▶ ABOUT THIS TASK: Within the listing that follows, reproduce exactly the lines starting at the line with "dearestⅢ303号室 モニター付インターホン" and ending at the line with "Ducray Kelual DS", inclusive, and only those. Pictures are dropped.

▶ MATERIAL SUPPLIED:

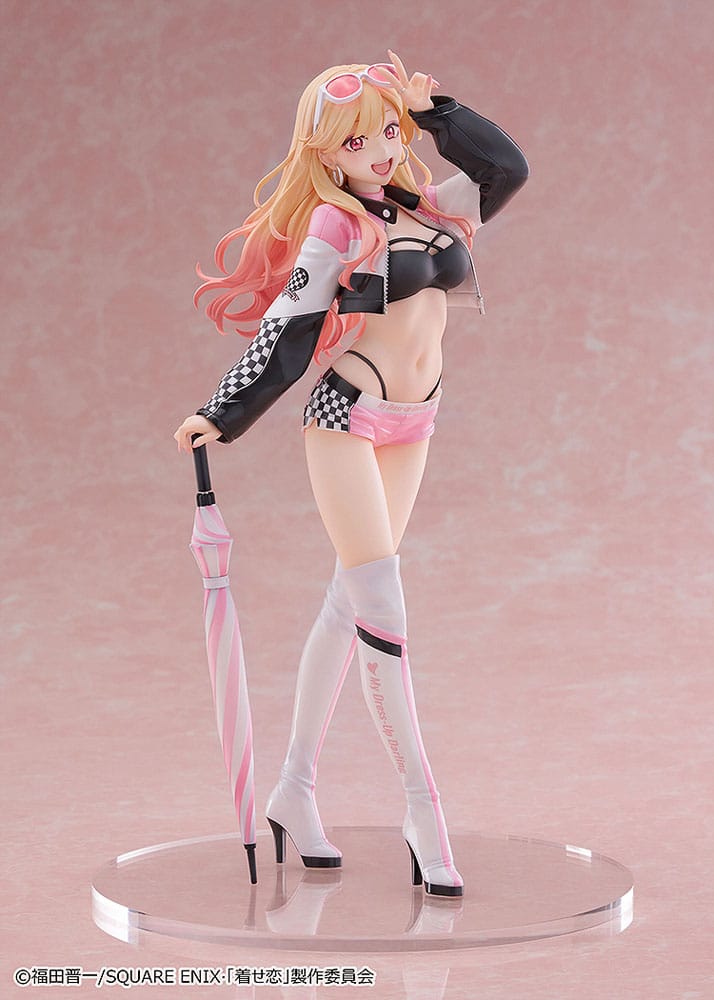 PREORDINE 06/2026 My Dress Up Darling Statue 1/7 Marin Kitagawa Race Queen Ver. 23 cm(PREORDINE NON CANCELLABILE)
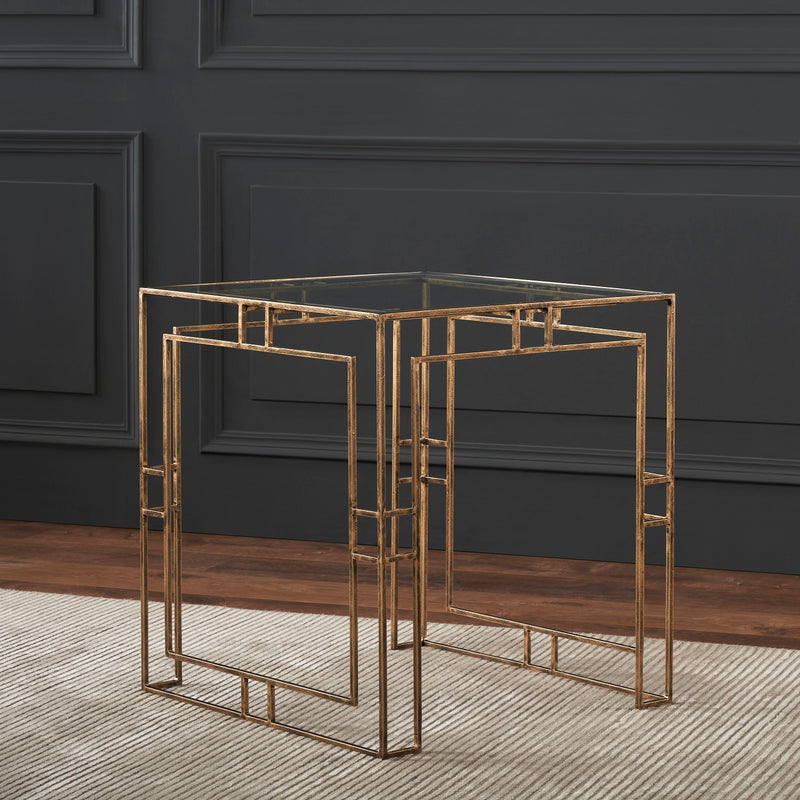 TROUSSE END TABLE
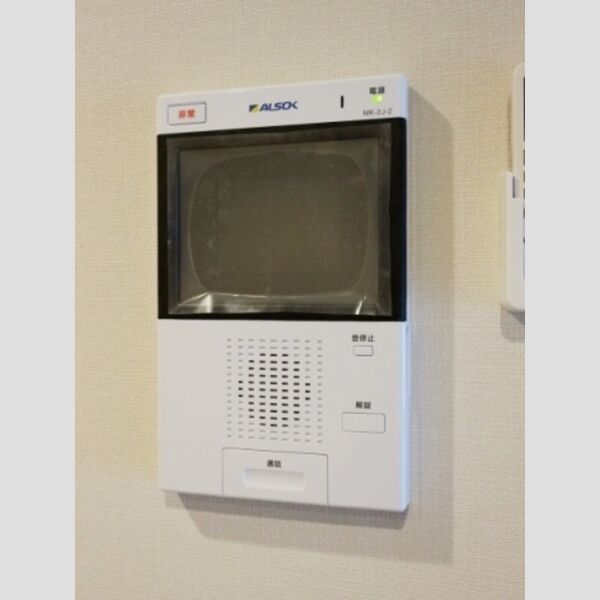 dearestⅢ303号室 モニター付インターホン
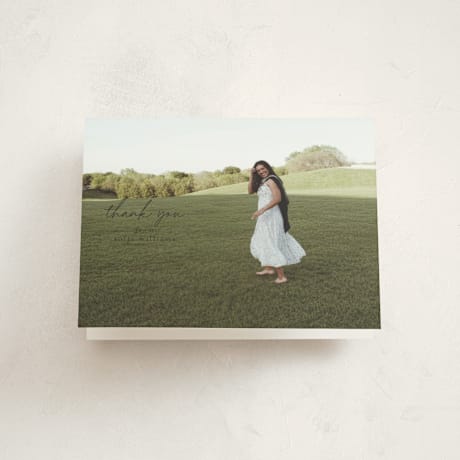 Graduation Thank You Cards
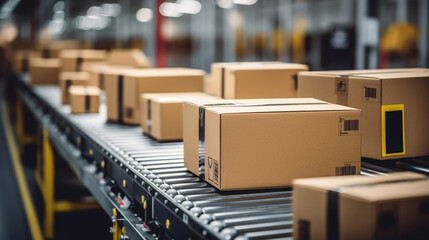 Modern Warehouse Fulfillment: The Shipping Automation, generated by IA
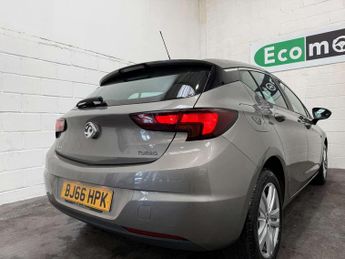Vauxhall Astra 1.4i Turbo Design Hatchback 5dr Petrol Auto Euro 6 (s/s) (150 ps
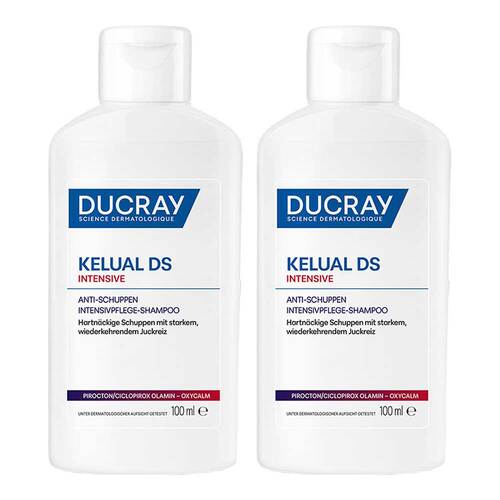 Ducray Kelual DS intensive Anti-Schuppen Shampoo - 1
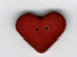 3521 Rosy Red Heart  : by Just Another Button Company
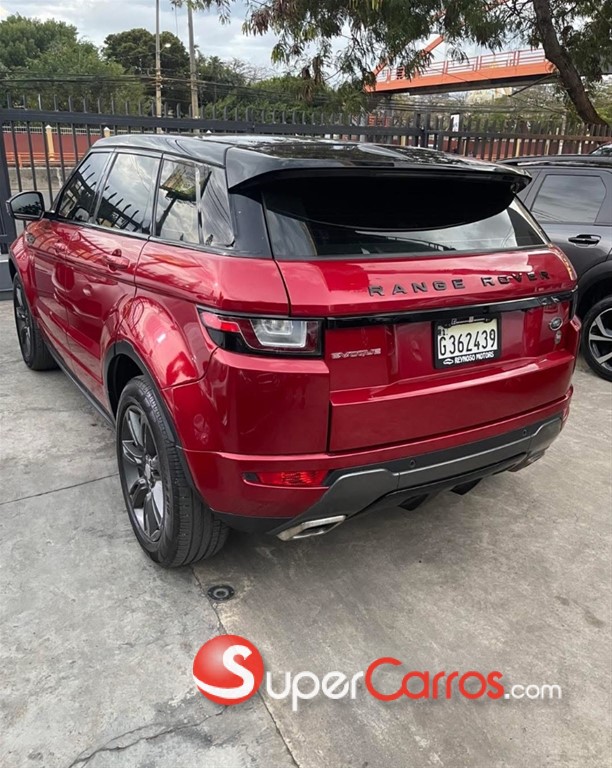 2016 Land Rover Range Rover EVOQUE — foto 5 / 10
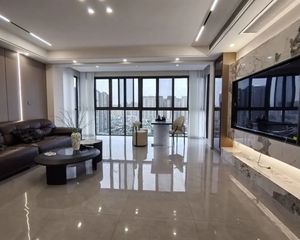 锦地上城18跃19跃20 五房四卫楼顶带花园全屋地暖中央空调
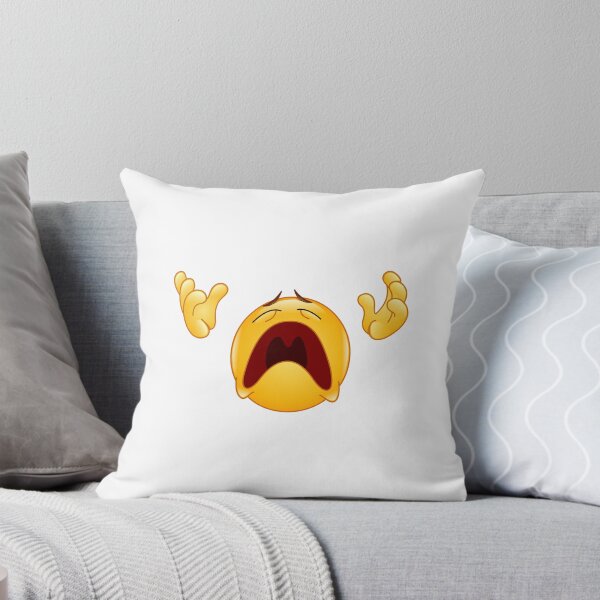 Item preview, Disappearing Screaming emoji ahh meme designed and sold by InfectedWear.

▶ EXERCISE RESPONSE:
 dearestⅢ303号室 モニター付インターホン
 Graduation Thank You Cards
 Modern Warehouse Fulfillment: The Shipping Automation, generated by IA
Vauxhall Astra 1.4i Turbo Design Hatchback 5dr Petrol Auto Euro 6 (s/s) (150 ps
 Ducray Kelual DS intensive Anti-Schuppen Shampoo - 1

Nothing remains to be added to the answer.